> _Instructions to follow_
Using the data below, return every line that holds the word "number".
[[ Records for this task open ]]
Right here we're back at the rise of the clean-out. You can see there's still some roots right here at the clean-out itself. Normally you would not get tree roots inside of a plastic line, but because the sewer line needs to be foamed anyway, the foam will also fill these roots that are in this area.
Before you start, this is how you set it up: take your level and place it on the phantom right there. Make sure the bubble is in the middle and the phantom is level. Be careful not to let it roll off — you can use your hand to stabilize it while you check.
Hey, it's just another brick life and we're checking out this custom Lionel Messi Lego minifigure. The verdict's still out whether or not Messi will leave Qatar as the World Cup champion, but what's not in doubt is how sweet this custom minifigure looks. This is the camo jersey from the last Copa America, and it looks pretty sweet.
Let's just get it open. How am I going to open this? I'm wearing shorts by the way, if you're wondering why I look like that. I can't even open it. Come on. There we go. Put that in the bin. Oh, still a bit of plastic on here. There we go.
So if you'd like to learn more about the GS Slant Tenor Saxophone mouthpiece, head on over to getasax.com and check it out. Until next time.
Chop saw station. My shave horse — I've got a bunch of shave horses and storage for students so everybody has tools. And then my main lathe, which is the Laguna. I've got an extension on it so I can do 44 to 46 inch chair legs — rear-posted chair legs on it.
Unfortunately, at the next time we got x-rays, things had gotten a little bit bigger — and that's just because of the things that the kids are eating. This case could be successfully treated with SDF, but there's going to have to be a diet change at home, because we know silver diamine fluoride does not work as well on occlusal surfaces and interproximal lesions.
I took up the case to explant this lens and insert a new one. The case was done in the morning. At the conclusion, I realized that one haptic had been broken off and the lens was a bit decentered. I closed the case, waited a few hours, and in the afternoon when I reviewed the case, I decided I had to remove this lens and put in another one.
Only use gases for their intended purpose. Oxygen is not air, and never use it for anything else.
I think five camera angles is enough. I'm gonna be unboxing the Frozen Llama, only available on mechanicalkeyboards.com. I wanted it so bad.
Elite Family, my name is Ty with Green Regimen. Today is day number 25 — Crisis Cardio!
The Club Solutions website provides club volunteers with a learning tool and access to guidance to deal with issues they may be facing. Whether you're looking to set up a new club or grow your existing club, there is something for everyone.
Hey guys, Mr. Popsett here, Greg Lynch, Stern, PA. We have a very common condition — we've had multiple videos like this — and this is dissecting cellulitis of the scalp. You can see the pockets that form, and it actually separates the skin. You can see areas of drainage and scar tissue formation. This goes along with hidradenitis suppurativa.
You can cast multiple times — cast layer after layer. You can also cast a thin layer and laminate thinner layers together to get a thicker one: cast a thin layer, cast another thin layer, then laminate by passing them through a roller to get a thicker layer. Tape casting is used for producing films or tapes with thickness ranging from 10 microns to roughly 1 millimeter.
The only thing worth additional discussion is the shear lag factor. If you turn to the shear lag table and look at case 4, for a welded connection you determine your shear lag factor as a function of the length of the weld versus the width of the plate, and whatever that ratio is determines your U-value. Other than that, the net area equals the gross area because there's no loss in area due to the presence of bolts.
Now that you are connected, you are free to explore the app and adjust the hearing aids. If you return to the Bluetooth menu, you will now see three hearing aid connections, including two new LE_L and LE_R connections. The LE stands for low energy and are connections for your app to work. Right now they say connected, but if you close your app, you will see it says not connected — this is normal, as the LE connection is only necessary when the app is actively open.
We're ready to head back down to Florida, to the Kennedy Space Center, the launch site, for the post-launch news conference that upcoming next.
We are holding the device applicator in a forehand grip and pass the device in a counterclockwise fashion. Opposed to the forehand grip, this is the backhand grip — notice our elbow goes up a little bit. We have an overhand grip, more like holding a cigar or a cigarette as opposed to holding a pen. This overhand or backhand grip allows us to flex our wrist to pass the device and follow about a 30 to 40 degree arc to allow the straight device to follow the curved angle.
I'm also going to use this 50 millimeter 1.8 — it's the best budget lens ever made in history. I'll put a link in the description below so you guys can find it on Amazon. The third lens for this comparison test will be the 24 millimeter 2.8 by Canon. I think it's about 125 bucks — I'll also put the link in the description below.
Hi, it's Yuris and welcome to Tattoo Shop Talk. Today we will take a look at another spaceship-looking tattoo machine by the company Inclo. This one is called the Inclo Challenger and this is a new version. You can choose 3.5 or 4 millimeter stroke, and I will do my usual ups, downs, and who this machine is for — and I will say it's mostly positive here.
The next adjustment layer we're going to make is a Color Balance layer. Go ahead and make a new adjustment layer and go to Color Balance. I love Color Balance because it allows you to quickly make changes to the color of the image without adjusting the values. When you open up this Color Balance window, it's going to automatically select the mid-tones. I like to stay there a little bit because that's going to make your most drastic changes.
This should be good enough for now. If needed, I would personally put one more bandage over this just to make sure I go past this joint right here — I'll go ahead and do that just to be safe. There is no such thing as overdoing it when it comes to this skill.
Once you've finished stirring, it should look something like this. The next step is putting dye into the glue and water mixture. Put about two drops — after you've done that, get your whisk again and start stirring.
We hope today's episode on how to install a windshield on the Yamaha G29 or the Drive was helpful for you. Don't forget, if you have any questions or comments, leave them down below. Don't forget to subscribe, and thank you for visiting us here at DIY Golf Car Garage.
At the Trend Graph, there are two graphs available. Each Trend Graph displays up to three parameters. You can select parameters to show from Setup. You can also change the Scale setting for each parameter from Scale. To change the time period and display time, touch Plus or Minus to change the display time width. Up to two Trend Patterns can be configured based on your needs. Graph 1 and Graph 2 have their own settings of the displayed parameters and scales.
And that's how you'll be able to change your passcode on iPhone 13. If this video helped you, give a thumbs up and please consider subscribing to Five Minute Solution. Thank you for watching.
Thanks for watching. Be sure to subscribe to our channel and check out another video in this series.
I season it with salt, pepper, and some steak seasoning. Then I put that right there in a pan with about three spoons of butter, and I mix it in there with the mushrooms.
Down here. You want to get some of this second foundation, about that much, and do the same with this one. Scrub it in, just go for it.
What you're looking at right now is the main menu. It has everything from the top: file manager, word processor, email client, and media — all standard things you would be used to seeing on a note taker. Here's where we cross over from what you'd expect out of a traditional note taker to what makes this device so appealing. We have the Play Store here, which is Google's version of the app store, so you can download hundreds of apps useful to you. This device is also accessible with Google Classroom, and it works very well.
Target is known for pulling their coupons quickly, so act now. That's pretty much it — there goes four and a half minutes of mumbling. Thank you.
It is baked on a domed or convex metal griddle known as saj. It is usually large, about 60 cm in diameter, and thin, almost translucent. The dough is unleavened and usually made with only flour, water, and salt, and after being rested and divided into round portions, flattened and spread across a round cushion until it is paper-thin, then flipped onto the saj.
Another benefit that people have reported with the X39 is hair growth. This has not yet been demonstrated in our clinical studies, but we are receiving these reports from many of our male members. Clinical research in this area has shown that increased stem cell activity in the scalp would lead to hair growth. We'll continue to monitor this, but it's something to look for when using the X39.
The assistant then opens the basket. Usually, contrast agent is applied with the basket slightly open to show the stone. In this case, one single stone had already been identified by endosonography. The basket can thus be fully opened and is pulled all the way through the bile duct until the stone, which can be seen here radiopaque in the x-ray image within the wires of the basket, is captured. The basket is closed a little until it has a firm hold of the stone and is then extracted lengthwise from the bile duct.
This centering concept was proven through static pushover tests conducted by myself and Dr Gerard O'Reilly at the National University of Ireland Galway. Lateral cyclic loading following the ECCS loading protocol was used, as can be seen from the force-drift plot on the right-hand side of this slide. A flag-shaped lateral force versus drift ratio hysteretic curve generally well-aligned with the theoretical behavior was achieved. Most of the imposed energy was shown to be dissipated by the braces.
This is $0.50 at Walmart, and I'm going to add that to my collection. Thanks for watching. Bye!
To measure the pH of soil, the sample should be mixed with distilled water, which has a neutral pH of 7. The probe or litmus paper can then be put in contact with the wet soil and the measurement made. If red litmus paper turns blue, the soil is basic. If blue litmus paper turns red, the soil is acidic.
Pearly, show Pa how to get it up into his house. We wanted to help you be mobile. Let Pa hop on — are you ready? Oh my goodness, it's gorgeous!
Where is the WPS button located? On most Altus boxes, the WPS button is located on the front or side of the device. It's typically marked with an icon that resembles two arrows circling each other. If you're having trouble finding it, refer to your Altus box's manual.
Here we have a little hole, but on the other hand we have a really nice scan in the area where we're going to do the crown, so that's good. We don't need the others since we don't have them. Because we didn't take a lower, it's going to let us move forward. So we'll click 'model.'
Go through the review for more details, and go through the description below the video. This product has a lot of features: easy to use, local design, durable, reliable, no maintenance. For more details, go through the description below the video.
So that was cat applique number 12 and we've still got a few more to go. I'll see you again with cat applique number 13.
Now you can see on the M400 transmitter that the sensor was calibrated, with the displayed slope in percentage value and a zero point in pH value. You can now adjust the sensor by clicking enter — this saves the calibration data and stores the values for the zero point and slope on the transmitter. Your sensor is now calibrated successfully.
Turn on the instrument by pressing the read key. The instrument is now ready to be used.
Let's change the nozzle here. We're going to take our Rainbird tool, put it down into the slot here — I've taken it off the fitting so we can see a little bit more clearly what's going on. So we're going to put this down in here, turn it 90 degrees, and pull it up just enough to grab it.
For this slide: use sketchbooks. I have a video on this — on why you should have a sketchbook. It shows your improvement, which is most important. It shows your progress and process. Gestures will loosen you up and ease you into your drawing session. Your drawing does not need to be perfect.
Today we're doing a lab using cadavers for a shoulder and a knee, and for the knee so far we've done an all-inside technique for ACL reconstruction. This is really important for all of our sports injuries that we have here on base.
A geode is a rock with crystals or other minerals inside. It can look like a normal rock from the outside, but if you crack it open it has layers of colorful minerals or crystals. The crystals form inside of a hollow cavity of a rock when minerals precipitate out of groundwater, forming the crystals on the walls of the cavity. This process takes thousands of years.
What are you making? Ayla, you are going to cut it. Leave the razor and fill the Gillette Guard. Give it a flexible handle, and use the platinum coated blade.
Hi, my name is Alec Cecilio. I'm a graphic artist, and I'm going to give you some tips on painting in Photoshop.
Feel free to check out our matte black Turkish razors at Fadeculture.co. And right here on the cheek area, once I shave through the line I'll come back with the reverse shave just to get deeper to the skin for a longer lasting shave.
[[ Records for this task closed ]]
> _Solution to this problem_
Elite Family, my name is Ty with Green Regimen. Today is day number 25 — Crisis Cardio!
So that was cat applique number 12 and we've still got a few more to go. I'll see you again with cat applique number 13.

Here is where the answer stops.